>>>>
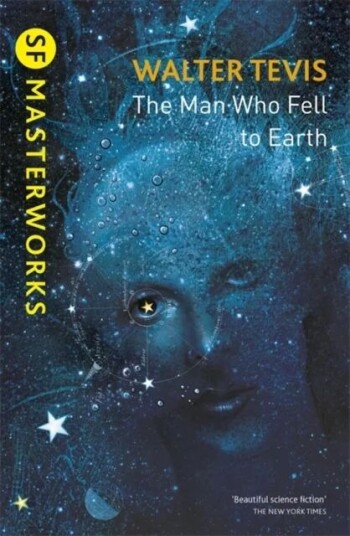The Man Who Fell To Earth Av Walter Tevis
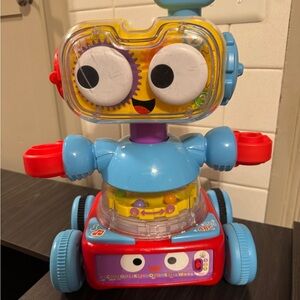 Fisher Price 4 n 1 ultimate learning bot
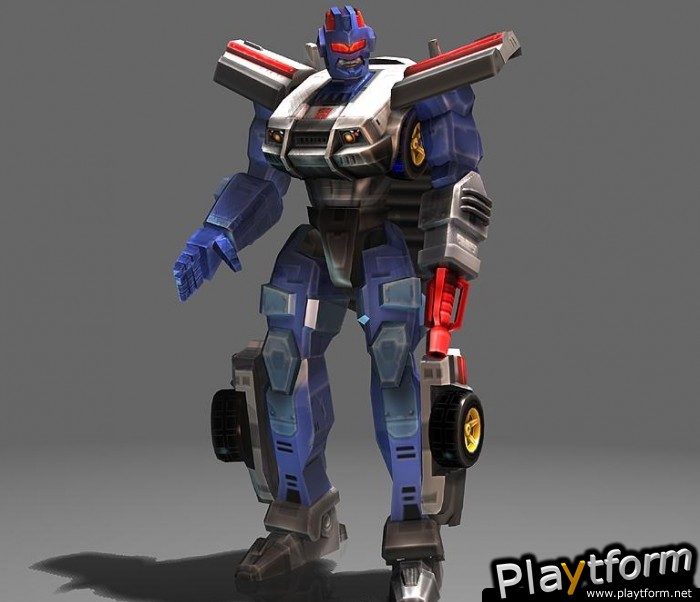 Transformers (PlayStation 2)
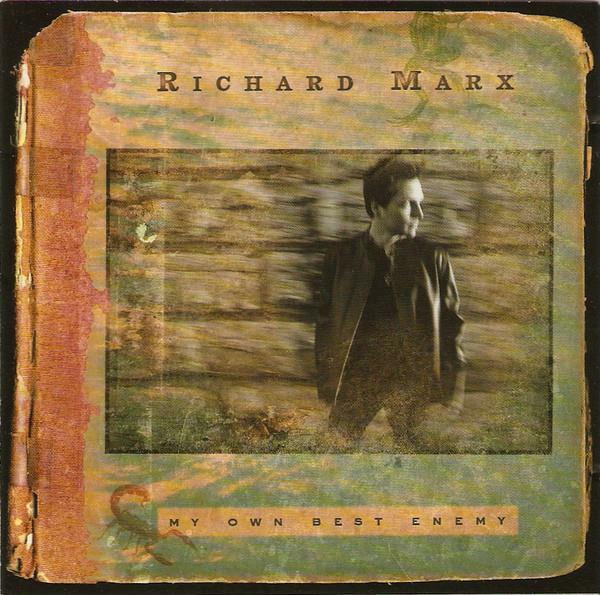 [중고] Richard Marx - My Own Best Enemy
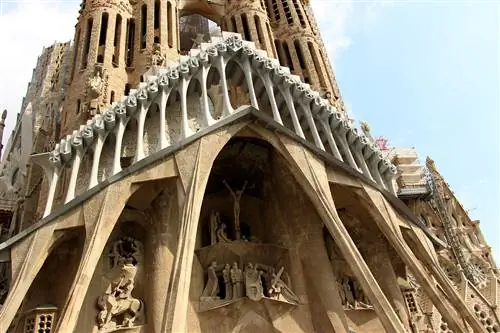 Лучшие советы по посещению Саграда Фамилия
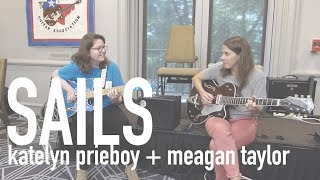 Sails (Chet Atkins) | Katelyn Prieboy + Meagan Taylor chords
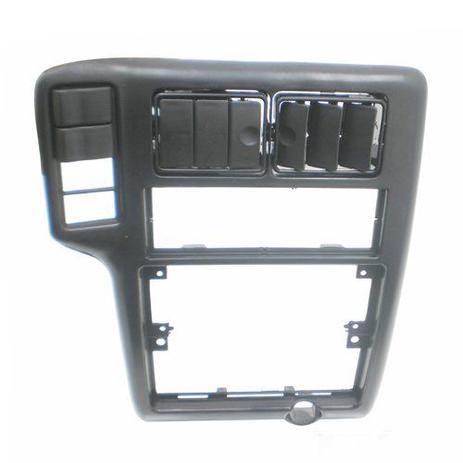 Moldura Painel Com Difusor Ar/Cinzeiro Botões Falsos Polo Classic / Van 97/99 - Centerparts Menor preço em Moldura Painel Com Difusor Ar/Cinzeiro Botões Falsos Polo Classic / Van 97/99 - Centerparts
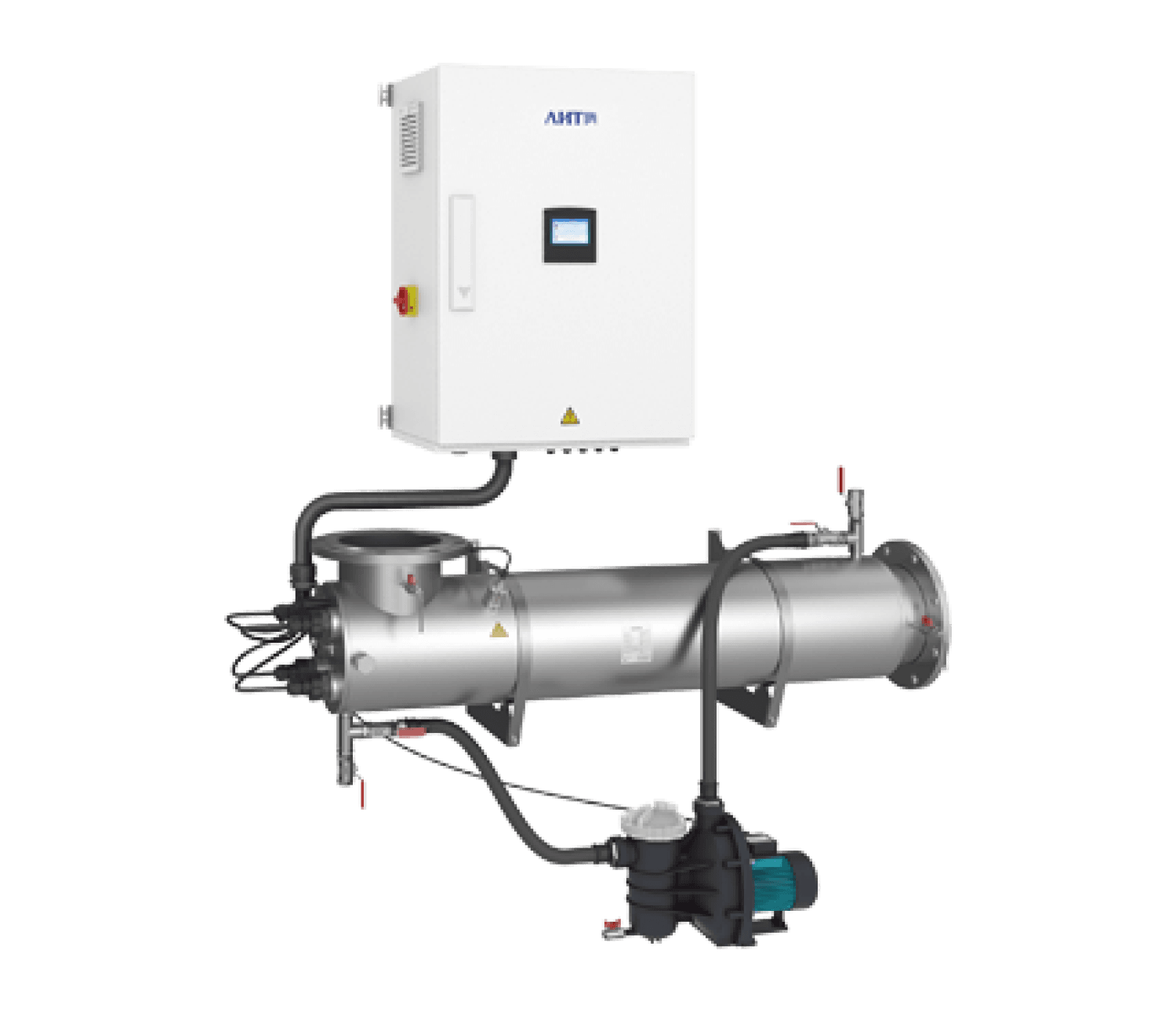 УФ стерилизатор DUV-1A120-N MAT23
<<<<
### Exercise details
All lines from the beginning of the entries above to the line containing "Sails (Chet Atkins)", inclusive, should be printed exactly, apart from the pictures.

### Exercise answer
The Man Who Fell To Earth Av Walter Tevis
 Fisher Price 4 n 1 ultimate learning bot
 Transformers (PlayStation 2)
 [중고] Richard Marx - My Own Best Enemy
 Лучшие советы по посещению Саграда Фамилия
 Sails (Chet Atkins) | Katelyn Prieboy + Meagan Taylor chords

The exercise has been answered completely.